Following the user-guide, I ended up wondering which approach is better for my design/contrast matrices, and more importantly, what are their differences.
For the following code vignette, Src is the sample origin in which CN is controls, NL is non-lesional, LS is lesional; Pheno ("Y"/"N") is whether cohort samples have the phenotype or not; I use "B" for phenotype-agonistic comparisons.
Approach #1 - Grouping samples type ("Src") and phenotype ("Pheno"):
pData %>% mutate(grp = paste0(Src, "_", Pheno)) %>% (... converting to a factor ...) # will create the groups: CN_N, NL_N, LS_N, NL_Y, LS_Y design<-model.matrix("~0 + grp + age + sex", data=DGE.cpm$samples) # the design table will have columns as groups above, plus age and sex columns. contrasts_table = makeContrasts( LS_B.vs.CN = (grpLS_Y + grpLS_N) / 2 - grpCN, LS_B.vs.NL_B = (grpLS_Y + grpLS_N) / 2 - (grpNL_Y + grpNL_N) / 2, LS_Y.vs.NL_Y = grpLS_Y - grpNL_Y, LS_N.vs.NL_N = grpLS_N - grpNL_N, LS_Y.vs.LS_N = grpLS_Y - grpLS_N, NL_Y.vs.NL_N = grpNL_Y - grpNL_N, DiffOfDiff = (grpLS_Y - grpLS_N) - (grpNL_Y - grpNL_N) ) # ... also, including other relevant comparisons such NL_B.vs.CN, NL_Y.vs.NL_N, LS_N.vs.CN, NL_N.vs.CN
Approach #2 - Interaction between samples type ("Src") and phenotype ("Pheno"):
design<-model.matrix("~0 + Src + Src:Pheno + age + sex", data=DGE.cpm$samples) design<-design %>% as.data.frame() %>% dplyr::select(-SrcCN:PhenoY) # as control group ("CN") does not have a phenotype, it must be removed to keep the matrix full-rank contrasts_table = makeContrasts( LS_B.vs.CN = SrcLS + SrcLS.PhenoY/2 - SrcCN, # Is this the way to do it?
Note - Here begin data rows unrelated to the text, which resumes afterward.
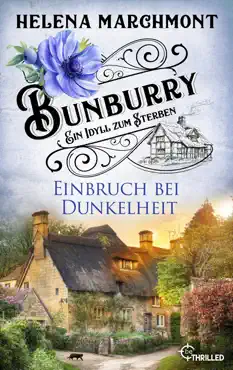 bunburry - einbruch bei dunkelheit book cover image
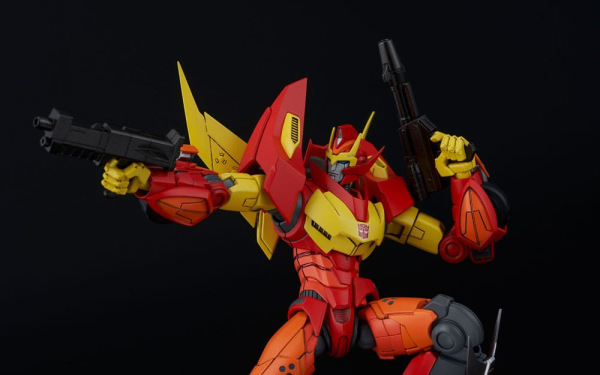 Transformers Furai Model Plastic Model Kit Rodimus IDW Ver. 15 cm 3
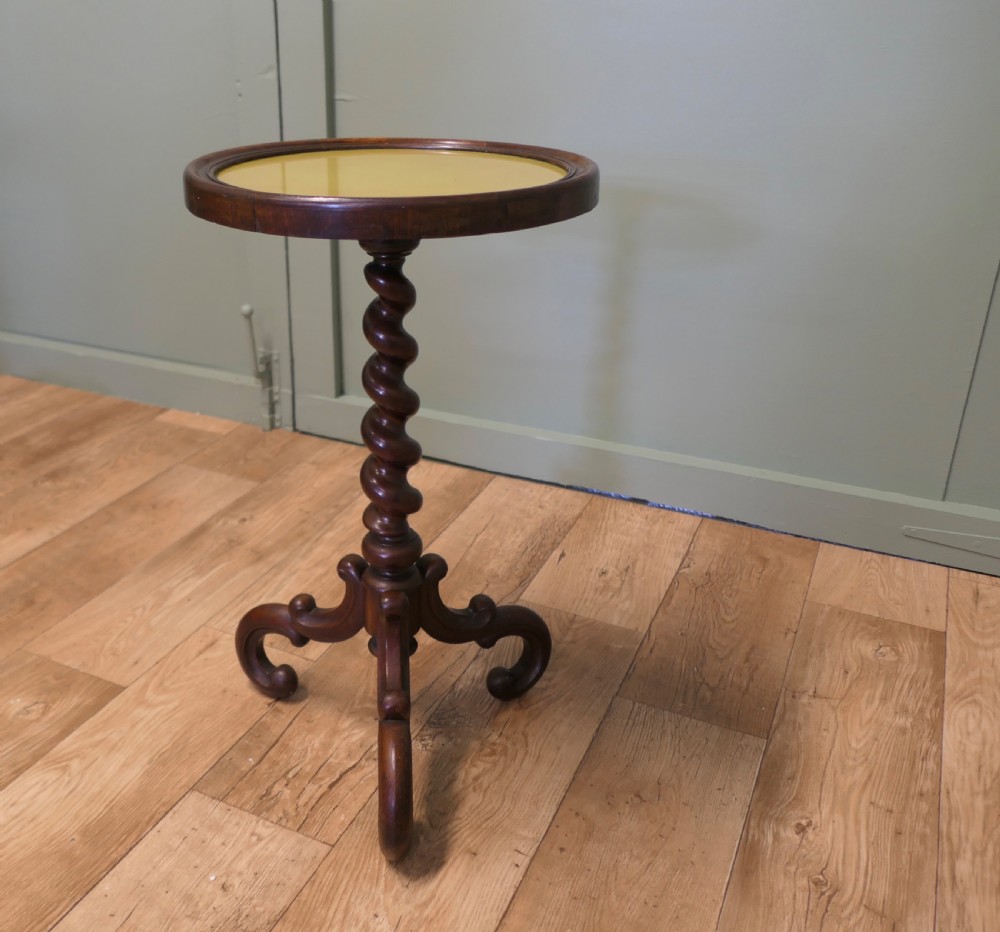 Victorian Wine Table or Occasional Table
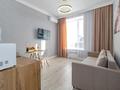 2-комнатная квартира · 54 м² · 8/12 этаж, Туран 46/4 за 320 000 ₸ в Астане — фото 8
LS_B.vs.NL_B = SrcLS + SrcLS.PhenoY/2 - SrcNL - SrcNL.PhenoY/2, # Is this the way to do it? LS_Y.vs.NL_Y = SrcLS + SrcLS.PhenoY - SrcNL - SrcNL.PhenoY LS_N.vs.NL_N = SrcLS - SrcNL, LS_Y.vs.LS_N = SrcLS.PhenoY # Is this the way to do it? NL_Y.vs.NL_N = SrcNL.PhenoY # Is this the way to do it? DiffOfDiff = SrcLS.PhenoY - SrcNL.PhenoY ) # ... again, including other relevant comparisons such NL_B.vs.CN, LS_N.vs.CN, NL_N.vs.CN
Running the voom-duplicate-correlation-limma pipeline yields a similar number of DEGs, except for the LS_Y.vs.LS_N / NL_Y.vs.NL_N comparisons, which made me curious.